I was spoiled there because in a three bed bedroom I was all alone for 5 days. Tim could come and go as he pleased; visitor’s had the run of the room. I even walked around naked a bit! Seriously all of your dignity goes out the window when a male midwife gives you a sponge bath AND milk’s you like a cow IN FRONT of your husband and every member of staff…nurse, doctor or otherwise has seen your tits or worse, your twat!! Oh and let’s not forget the doctor shoving pain killer’s up you’re a$$!

So night five comes along and 2 other woman have their babies and join me. This was very stressful. And it was frustrating to watch them WALK to their beds just an hour after having their babies naturally. It was heart breaking to see them bonding with their babies, and changing their babies and feeding their babies the very next day and again I cried A LOT. For me I didn’t have a clue how to change a nappy because the nurses did it for me all the time. And when one of them finally said “I’ve left the nappy for you” I cried my eyes out because I had no clue! But I did make friends with both woman, and since we live in a small town our kids will grow up together. We took photo’s of all of them together…JJ (5 pound 15 ounces) looked tiny next to an 8 pounder and a 10 pounder! And one of them, Nicki is going to complain about Nazi Nurse as well…so that’s even better!!!!!

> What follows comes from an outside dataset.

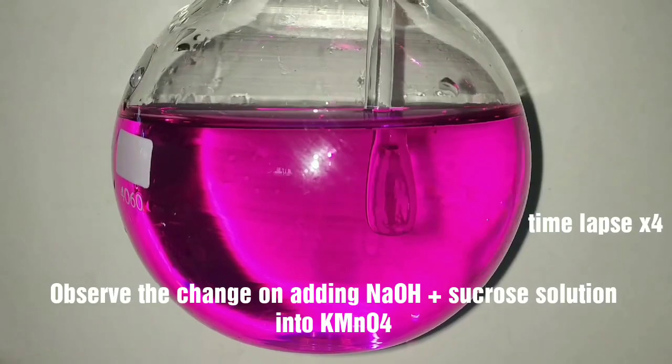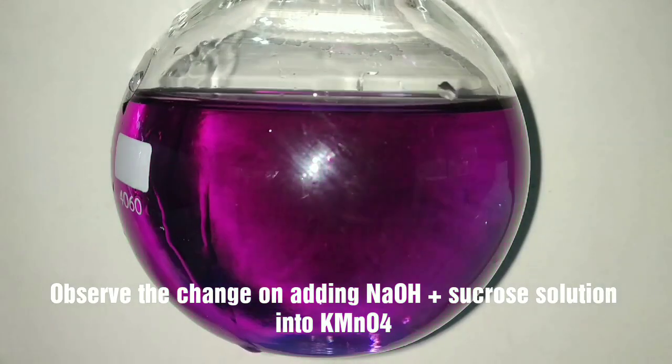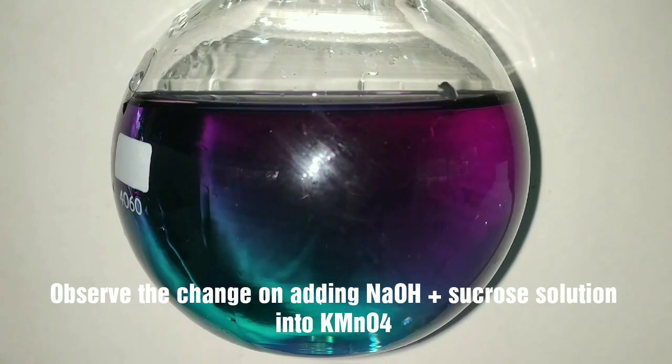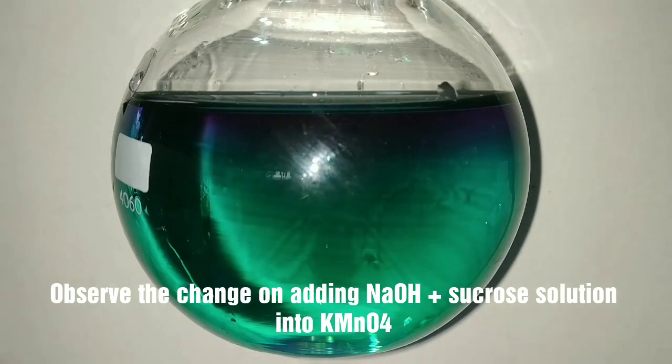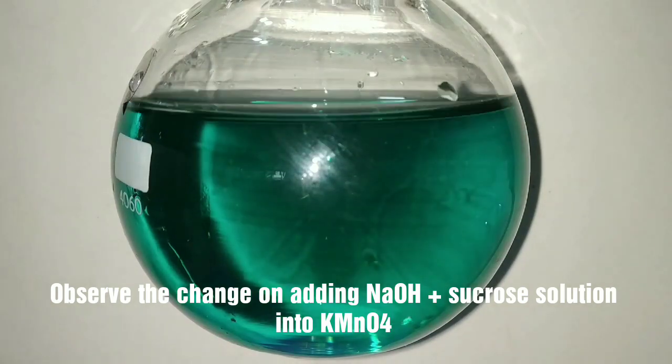Set up the flask containing the potassium permanganate solution, then add the sucrose and sodium hydroxide solution and stir. Observe the changes in color — initially the color turns blue and now it is turning into a green color.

So tube feeding went on for another couple of nights. I was going stir crazy and got sent home between feeds during the day (the first time Maddy and Mexxi were SO happy to see me that I cried!) Then, a midwife that I had a really big fight with when I was working at the hospital came on shift and I was dreading my night even more than those with the Nazi nurse. But you know what…she was lovely. She said “It’s about time JJ came to the party and played ball” and she helped us to keep him awake. She forced him to breast feed every time he ate. And we weighed him before and after each feed to see how much he was getting from the boob. NOT MUCH at all!! He was meant to be getting 40 mil per feed but he was only getting 15 mil or so. So we HAD to formula feed to get him full and maintain his blood sugar.

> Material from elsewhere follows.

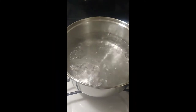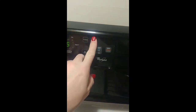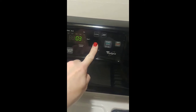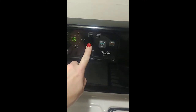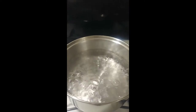My water is already boiling, so I'm going to set my timer. I'm going to set it for 15 minutes. I don't usually have to heat it this long, but for this video we're going to.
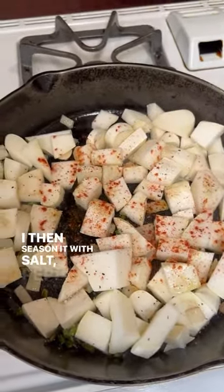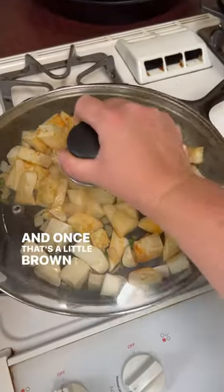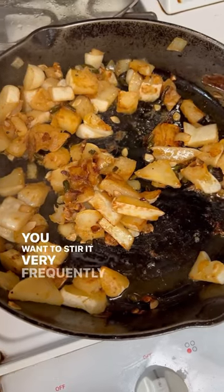Season it with salt, pepper, and paprika — of course, you can do anything you're interested in. Once that's a little brown, go ahead and put a lid on it to let it cook very thoroughly and make sure it's nice and soft. Stir it very frequently so it doesn't burn.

The very last night we were there an OLD SCHOOL nurse came on. Tim thought we would hate her, but it was her that made us see that tube feeding was not the answer here. We told her how frustrated I was at being kept in there. That I felt like they would keep us in until JJ was toilet trained and that I just couldn’t bond with him if one) he had his face covered in this big ugly tape and tube, and two) I had to feed him by holding a syringe above his face, it wasn’t healthy for either of us…or Tim. So she taught us a few more keeping baby awake tricks, and said “Nipple confusion….pffffft what a loud of crap! Let’s just concentrate on getting him fed! Bottle feed him and you can go home!” But we did the weigh before and weigh after a breast feed, and with her keeping awake techniques and other things…he got his 40 mil quota!! Tim did the weigh and double checked, and checked again. I thought he was trying to figure it out…but he was double checking. I cried I was so happy!!!

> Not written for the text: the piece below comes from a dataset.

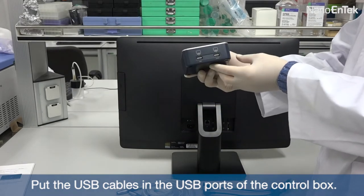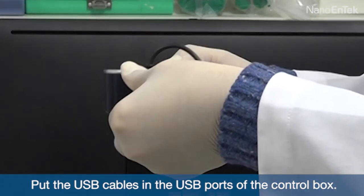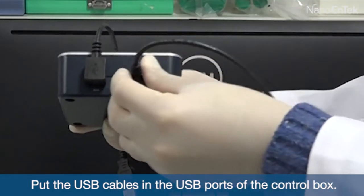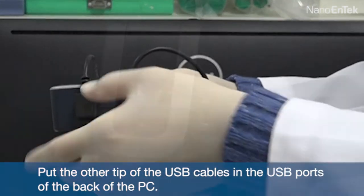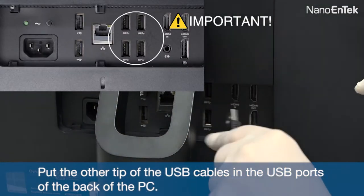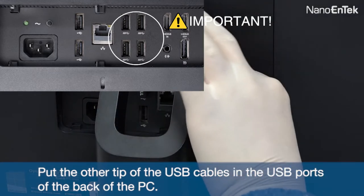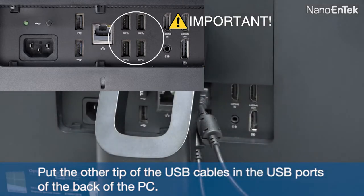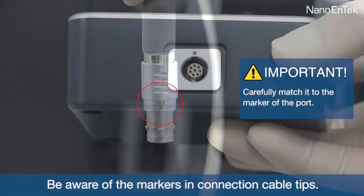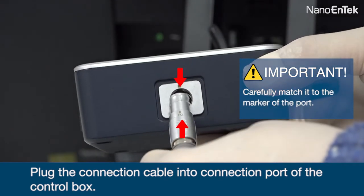Put the USB cables into the USB ports of the control box, then put the other end of the USB cables into the USB ports on the back of the PC. Be aware of the markers on the connection cable tips, then plug the connection cable into the connection port of the control box.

So the next day, we told all of the nurses OUR plan. Screw what they had to say about tube feeding and blah blah, we ARE going home at 8pm tonight, we will express and feed if that’s what it takes. So we hired an electric pump and that’s what we’ve been doing ever since. It’s tiring but the good news is we had our first children’s health services visit last week and THEY figured out within two minutes of hearing our story and looking in JJ’s mouth that he is SEVERELY tongue tied! That’s why he’s not getting anything from me; he can’t bring his tongue up under the nipple to draw the milk down! I’m sort of p!ssed the midwives AND the doctor didn’t look at that. They seemed so content to just tube feed him for the rest of his life. Like how hard can it be to say “baby not feeding well…check list…is the baby tongue tied? Don’t blame the mother for doing it wrong or holding the baby wrong, or the baby for latching wrong…check for freaking tongue tie and fix the actual problem!!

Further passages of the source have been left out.